Crossing the Aisle-Part 2

Continuing the chronicles of my foray into Marvel comics, today I will be reviewing Uncanny X-Men #1 by Kieron Gillen. Coming off of Wolverine and the X-Men #1 I was very excited to read Uncanny #1, so excited that I read it before any of my DC books. Did the book meet my expectations? Find out after the jump!

Uncanny X-Men appears to be a book that is more standard super hero fare that its sister title, Wolverine and the X-Men. While Wolverine and the X-Men deals with Logan’s attempt at revitalizing the Westchester school, Uncanny deals with Cyclops and the group of mutants remaining with him on Utopia, specifically Cyclops’ new “Extinction Team”. This is a team of some of the most powerful mutants, and characters for that matter, in the entire Marvel Universe. This is a point Cyclops stresses in the book, resenting the claim that the Avengers are “the Earth’s Mightiest Heroes”. This is definitely something I can get behind. As cool as the upcoming Avengers movie looks, I’ve never been interested in the team the way I am the Justice League. The traditional Avengers line-up of Thor, Captain America, Iron Man, The Hulk, etc., just doesn’t appeal to me. Even though I’m not completely familiar with some of the new Extinction team (Danger, Hope, and Magik for instance are relatively unknown to me) I can already tell this is a team I can get behind. This is mostly due to the great team dynamics. There is the brother-sister combo of Colossus and Magik, the apparent love triangle between Cyclops, Namor, and Emma Frost, the mutant messiah Hope, and Magneto, nuff said.

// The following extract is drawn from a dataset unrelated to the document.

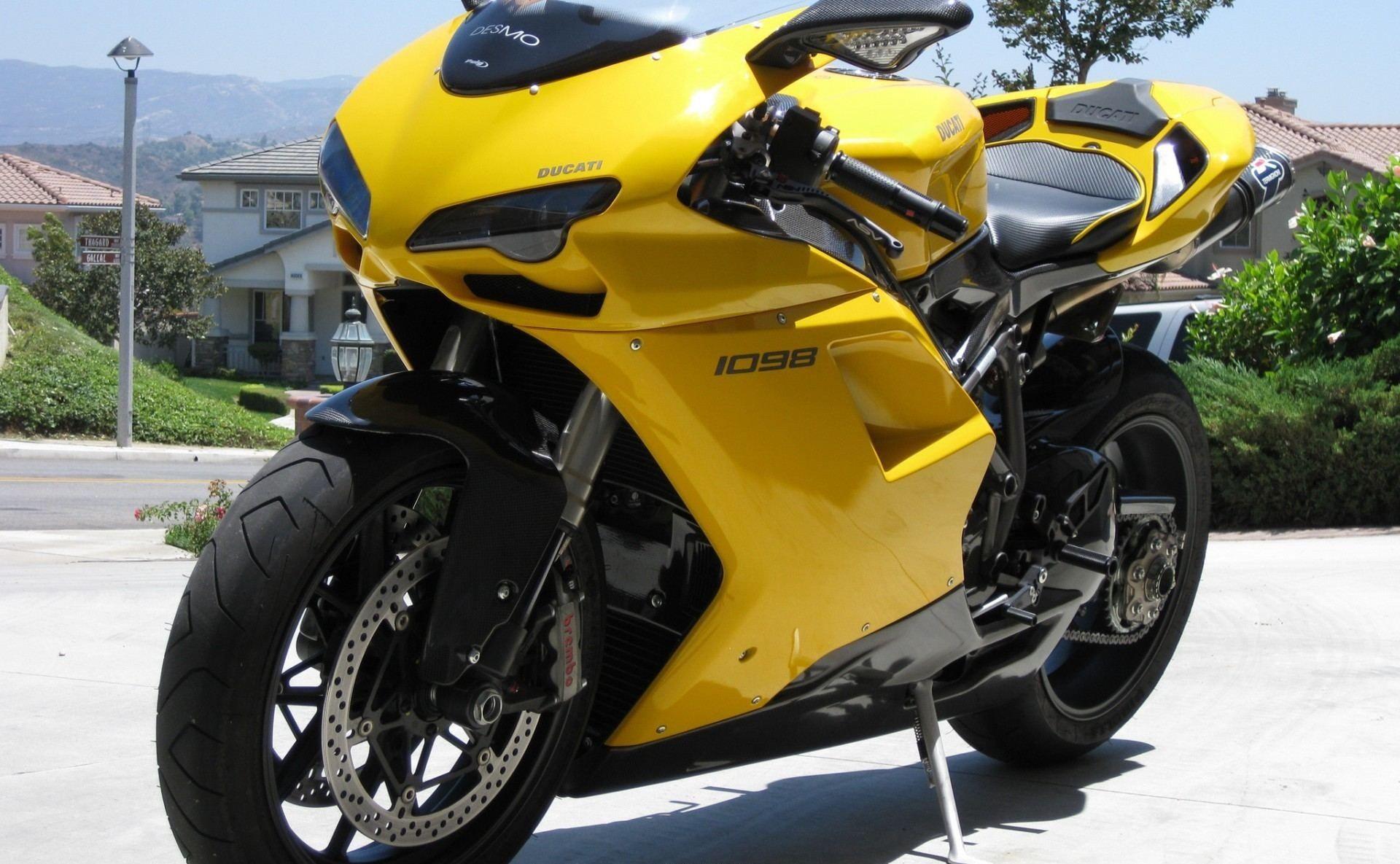 1920x1185 Ducati 1098 Yellow wallpaper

I won’t really get into the actually plot of this book too much because to be honest, not a lot happens. I’m not very familiar with Mr. Sinister but from what I understand he doesn’t have a clear background or origin, though it looks like it might be revealed in this arc. The battle with Sinister is the least important part of this issue, with the emphasis being on Cyclops and his team. However, this book manages to avoid most of the “getting the band together” tropes often seen in team books. This is likely due to the fact that these characters have for the most part already been a team. The ground work for this book was laid in the last volume of Uncanny, which ended with issue #544, also written by Gillen. This issue does a great job of catering to the new reader, in a way that some books in the New 52 haven’t been able to achieve. On the art side of things, Carlos Pacheco’s work is easily accessible and much like the rest of the book, standard super hero fare. Still, this book has some great art moments, such as when the extinction team is first called into action and the exploding celestial. This is a really fun comic book, in a good summer blockbuster kind of way.

X-Men has always been a great platform for commentary on issues of social justice and politics. Charles Xavier and Magneto are often compared to MLK Jr. and Malcolm X, and the mutant communityis a metaphor for any persecuted minority.There is a heavy political charge to the book. Cyclops sees Utopia as a rogue state, one possession WMD’s (the mutants themselves). This is an interesting point of view, and parallels are made to real world conflicts with Iraq and North Korea. The issues presented in this book are presented in a way that I think is believable in a real world setting. If a minority had this kind of power, this is how they would deal with the world around them

This book forms a great dichotomy when placed next to its sister title. These two titles compliment each other incredibly well, and together they are greater than the sum of their parts. Wolverine and the X-Men and Uncanny X-Men, in one issue each, have managed to turn me into a die-hard X-Men fan.